Thanks for your long response, Peter.

> > It would be great if libusbx offered a uint32_t
> > get_usb_location_id(libusb_device *dev) [...]
>
> Well, unless we use the hash, which is something we could factorize as a
> common unique device ID across all backends (and which we may very well
> have to do when we add hotplug), but which would be specific to libusbx
> and not exactly reusable with the OS APIs, using an uint32_t is probably
> going to be a bit too limiting. At least on Windows, matching the
> location usually requires a full fledged string.

I double-checked the actual OS X API (the 32 bits comes from one of
their samples). It seems like the underlying object is actually an
OSNumber, which is a wrapper for a kernel number of 8, 16, 32 or 64
bits. Is the Windows string something that would map to a 64-bit
number? It would seem it would be if I understand correctly the
discussions about the device path being of depth 7 at most.

> We also have a unique hash generated from the path, as a 32 bit integer.

If all paths are 7-deep and all components of a path are 8 bits, maybe
a 64-bit unique value is all you'd need without hashing. (I am not
voicing an opinion as whichever serves the hash's purposes best.)

> I am aware of at least one implementation that simply took a look at the
> private part of the libusb(x) device struct (which is supposed to be
> opaque) and just remapped a copy of that struct to pick the items that
> were of interest for the app.

I thought about that :) I thought there was enough value in the
Location ID to actually ask for it (and I could contribute code too of
course).

> > and location ID is a useful
> > concept to bridge identification between libusbx apps and other apps?
>
> Except that if we start to have to support each custom implementation of
> hotplug in one way or another, I fear that we're going to take time away
> from officially implementing hotplug...

Location ID is not related to hot plug. If you don't have hot
plugging, devices are still in a given location in the USB device
tree.

> I wouldn't exactly call it as part of the topology, as topology data is
> intended to be the same regardless of the OS/backend used.

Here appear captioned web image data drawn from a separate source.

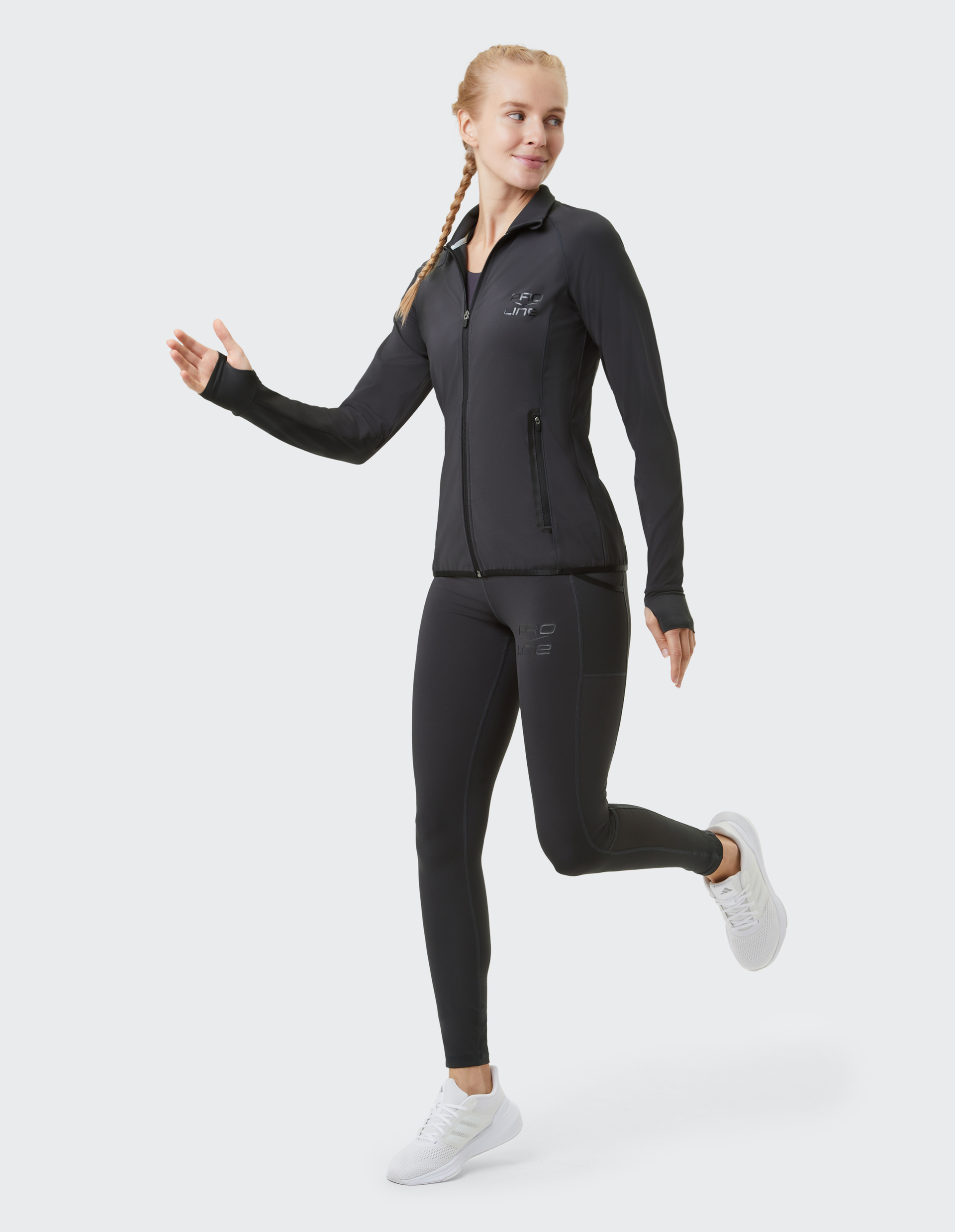 Frau in schwarzer Sportkleidung mit Zopf joggt lächelnd, trägt weiße Turnschuhe und hebt das linke Bein vor neutralem Hintergrund.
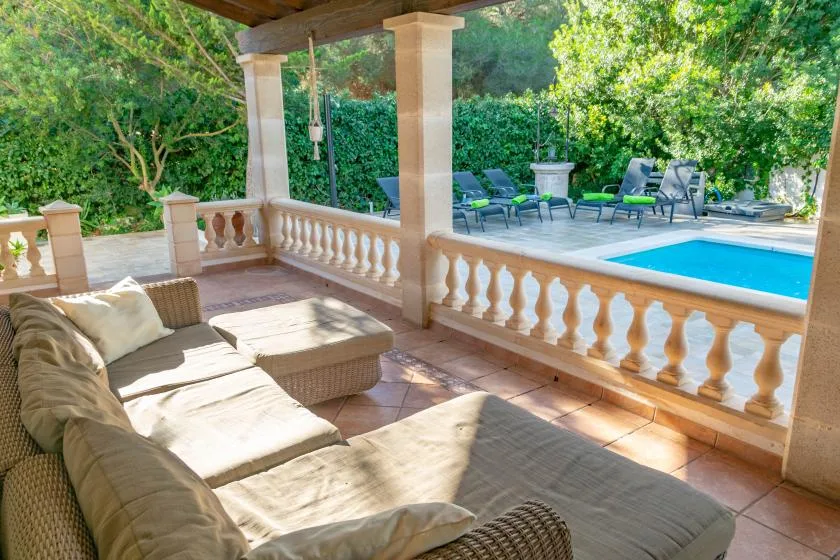 A covered outdoor seating area overlooks a swimming pool and green garden.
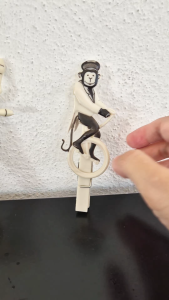 Pegzini Family circus-themed vintage laundry peg (monkey riding a unicycle)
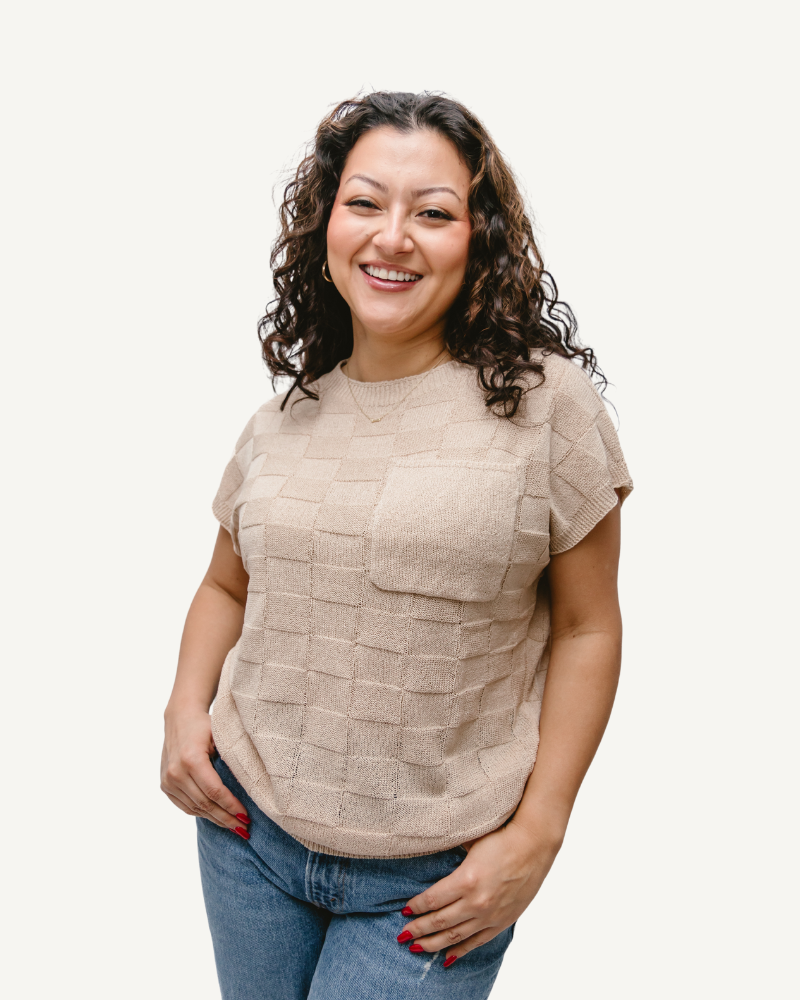 A woman with curly hair wearing a tan top and a Pocket Sweater Vest.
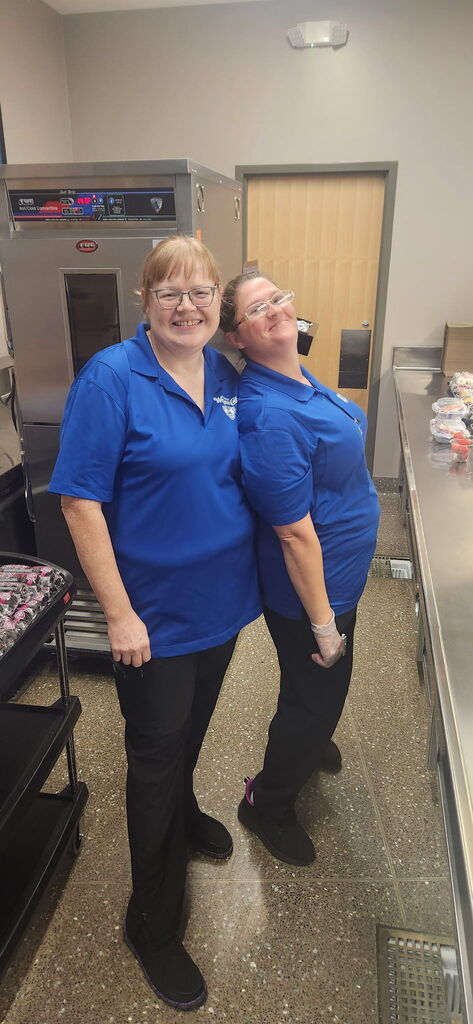 Food service workers smiling at camera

Why can't there be platform-independent topology and
platform-dependent ways to describe a location in the topology? I
think hey map to each other well, and on my Mac is seems like the
Location ID is simply produced by taking the device path and putting
their IDs one after another (the bus first, then port or hub etc.).
The path tells you how to get to the location. I really think that
those two are two faces of the same concept: the location is where I
am in the USB topology that libusbx is aware of. Whether that location
is represented as a path, a unique hash of that path or a reasonably
short "ID" (which could have been a unique hash; it just seems that
the OSes have decided to make it more friendly to human decoding given
they could) it's still where a device is in that topology. I'm just
arguing that taking the OS value when available is more prudent than
spending time trying to reverse engineer the encoding of location ID.
THAT would definitely take time away from better things.

> What you are
> asking for is really OS data. However I tend to agree that we may want
> to investigate the idea of providing such a feature to our users, but
> with the added twist that I would say this is really a feature that
> belongs to the 2.0 branch, which is the one that will also implement
> hotplug, rather than one that we should rush into 1.0.
>
> I have now created Trac ticked #24 [2] against v2.0, so that we can
> decide whether we want to add such a feature then. Unfortunately, 2.0 is
> likely to be some time away.

OS data might be of interest to different people. That is going to be
a bigger effort (and is libusbx going to try to normalize the names of
these data?) Location ID is indeed just one piece of data and since
you were discussing topology I thought that was appropriate.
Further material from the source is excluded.